About this task: Reproduce all the data verbatim.

The data:
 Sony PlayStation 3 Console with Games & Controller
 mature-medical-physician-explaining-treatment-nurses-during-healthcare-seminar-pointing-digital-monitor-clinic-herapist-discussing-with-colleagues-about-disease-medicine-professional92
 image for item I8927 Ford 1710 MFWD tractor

Exercise result:
 Sony PlayStation 3 Console with Games & Controller
 mature-medical-physician-explaining-treatment-nurses-during-healthcare-seminar-pointing-digital-monitor-clinic-herapist-discussing-with-colleagues-about-disease-medicine-professional92
 image for item I8927 Ford 1710 MFWD tractor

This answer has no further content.